I had my first THR22 installed about 4 weeks ago with a new dish.

On all recordings and time slip live Tv I would get a few artifacts/blocking during playback. It resembled occasional signal interference but never appeared during live playback so I ruled that out. I assumed a corupt hard drive so I had DTV send out a replacement.

The replacement THR22 is doing the same thing.

Has anyone else had this issue or have any idea what might be causeing it other than another bad hard drive? It seems unlikely that I would get 2 bad units doing the same thing. Is there anything eles in the "chain" that might be causeing this?
Thanks for your time.

BTW
What are the "in line filters" on my cables coming into the THR22 for?


----------



## ncted (May 13, 2007)

My HR24s do this as well. Very annoying. I assumed it was just bad code, but perhaps it is a hardware limitation.

-Ted


----------



## stevel (Aug 23, 2000)

Those "in line filters" are "B Band Converters". They are required in order to see signals from the 99 and 103 satellites if you are not using SWM.


----------



## Trebor1 (Apr 29, 2004)

stevel said:


> Those "in line filters" are "B Band Converters". They are required in order to see signals from the 99 and 103 satellites if you are not using SWM.


Thanks, Stevel

I am not sure what to do at this point. All 3 of the other SD D*TiVo's are not exhibiting this so I dont think it is physical interference of the signal to the dish. Is there anything else anyone can think of that would be causing the picture to "block" like rain fade only on the HD D*TiVo?

BTW
Dont know if it makes a difference but I am not watching or recording any HD stations. All my signals are in the 90's and live TV is perfect.


----------



## litzdog911 (Oct 18, 2002)

It's certainly not a common problem that I've seen posted elsewhere. Can you post a video clip of the problem?

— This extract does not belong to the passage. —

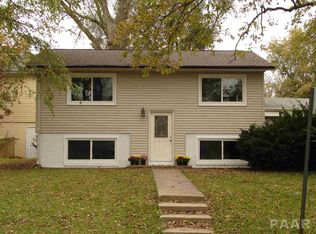 606 S Henry St, Eureka, IL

Also, check your signal readings on the HD satellites (99 & 103º) and post back your results here.


----------



## MacQ2 (Oct 17, 2006)

Have you tried setting your Tivo output video to 720p?

I had those sorts of problems on one channel and reducing from 1080i to 720p cured the problem.

It could well be something in my TV, or very remotely a problem in my A/V receiver - all I know is it fixed it and I cannot tell any difference in picture quality.


----------



## lawrencetd (Apr 6, 2005)

Just spotted this thread &#8211; I had a similar problem with my THR22 bought from Weaknees (with the 2Tb upgrade). Here&#8217;s the email I sent them. These problems started developing 4-5 weeks after I got the unit.

To Weaknees Support:

I noticed in the last week that most recordings were starting to experience pixilation and drop-out as if the satellite signal was obstructed (my dish has a clear view of the sky). Fortunately, I have another older TiVo and a DirecTV DVR as well so I first switched the SWM cable between my DirecTV DVR and the THR22 to see if the problem followed the cable - it did not. 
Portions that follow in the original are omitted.